2. The tire flap (200, 400) as claimed in claim 1, wherein the etching pattern is formed by removal of material from the second surface (202, 402) of the tire flap (200, 400).
3. The tire flap (200, 400) as claimed in claim 2, wherein a depth of a surface irregularity created due to the removal of material from the second surface (202, 402) of the tire flap (200, 400) is in range between 0.2 mm to 0.3 mm.
4. The tire flap (200, 400) as claimed in claim 1, wherein the etching pattern is formed by chemical etching carried out on the second surface (202, 402) of the tire flap (200, 400).
5. The tire flap (200, 400) as claimed in claim 1, wherein the etching pattern is formed by electrical discharge machining carried out on the second surface (202, 402) of the tire flap (200, 400).
6. The tire flap (200, 400) as claimed in claim 1, wherein the etching pattern includes irregular configurations on the second surface (202, 402) of the tire flap (200, 400).

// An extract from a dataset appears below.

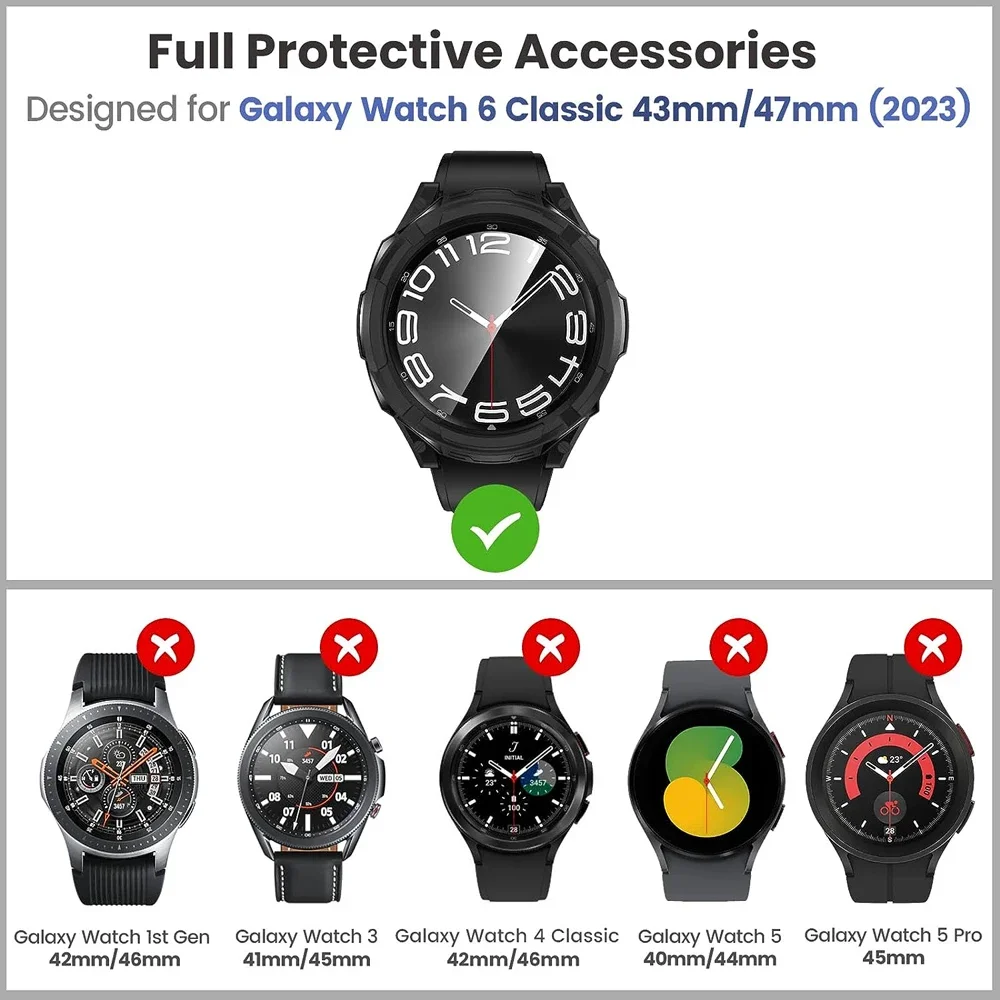 3-in-1 Protective Set: Case, Tempered Glass & Bezel Ring for Samsung Watch 6 Classic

7. The tire flap (200, 400) as claimed in claim 1, wherein the etching pattern includes polygonal configurations on the second surface (202, 402).
8. The tire flap (200, 400) as claimed in claim 7 wherein the polygonal configurations comprise smooth edges.
9. The tire flap (200, 400) as claimed in claim 1, wherein ratio between land and sea in the etching pattern is in a range between 60:40 to 70:30.